【www.chuwe.cn - 出文网】
East is East, and West is West, and never the twain shall meet." At least, that's what English writer Rudyard Kipling said. Truth is, nowadays Easterners and Westerners meet quite often. And when they do meet, naturally, they have to find an appropriate greeting. Aye, there's the rub. What's culturally appropriate for people in one culture may be completely out of line in another culture. So the best approach is to follow the well-known maxim, "When in Rome, do as the Romans do."
So what's an appropriate salutation for Americans? Maybe you already know how to say, "How are you?" You might even know the customary response, "Fine, thanks, and you?" Is that all there is to greeting people American-style? Well, Americans do often use this trite greeting, and they generally expect nothing but the standard answer. (If you want to shock an American friend, the next time he greets you this way, tell him how you're really doing.) But most Americans enjoy a little variety now and then. In informal settings, you might hear Americans say, "How's it going?" (which doesn't mean, "What's your destination?") or "What's up?" (which isn't an inquiry about the stock market). Formal situations, on the other hand might call for expressions like "Good morning" or "Hello, it's nice to see you."
那么，对美国人而言，什么才是适当的问候语？可能你已经懂得怎么说「How are you?」（你好吗？）你甚至也知道一般常用的回答「Fine, thanks, and you?」（我很好，谢谢，你呢？）用美国的方式来问候别人，就仅仅如此而已吗？其实美国人的确常用这老套的问候方式，而他们所期待的，也只是一般的标准回答。（你如果想让你的美国朋友吃惊，下一次他如此问候你时，你就把你真正的感觉告诉他。）但是，多数的美国人偶而会喜欢有些变化。在非正式的场合里，你可能听到美国人说「How's it going?」 (它不是在问「你的目的地是哪里？」)或者是「What's up?」(它也不是询问股市的动态) 而在另一方面，一个正式的场合所使用的问候语，则可能是「Good morning」（早安），或是「Hello, it is nice to see you.」（哈啰！很高兴见到你。）
After the initial "hello," what kind of comments are appropriate to kick off a conversation? You might engage in small talk and make a remark about the weather, your job or current events. Or you could ask your American friend about his recent activities or his upcoming plans. If you know that he's been under the weather, you might ask him how he's feeling. But don't make use of personal comments or questions like "Boy, you've put on weight!" or "What are all those bumps on your face?" or "How much money did that necklace cost?" Americans might take offense at questions or comments about money or their appearance.

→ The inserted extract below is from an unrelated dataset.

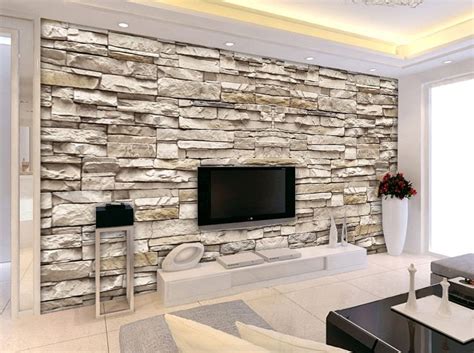 European Stone Brick Wall Wallpaper Mural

One other caution: In some social contexts, particularly in an office or a professional setting, greetings between the sexes should be very conservative. If you're a man, greeting a woman with a statement like "Wow! You look beautiful today!" may be construed as a come--on. So when you're giving a compliment, the key is to use discretion.
What about overt displays of affection, like hugging and kissing? Contrary to some stereotypes, Americans don't go around hugging and kissing everyone they meet. Of course, girls might give each other a squeeze as a friendly gesture, and in some high society circles, a little peck on the cheek is a common courtesy. But except with family members and close friends, Americans usually don't give out wholesale hugs. Besides that, not all Americans are inveterate huggers anyway. So don't wrap your arms around the next American you see. He or she might be just as uncomfortable as you are.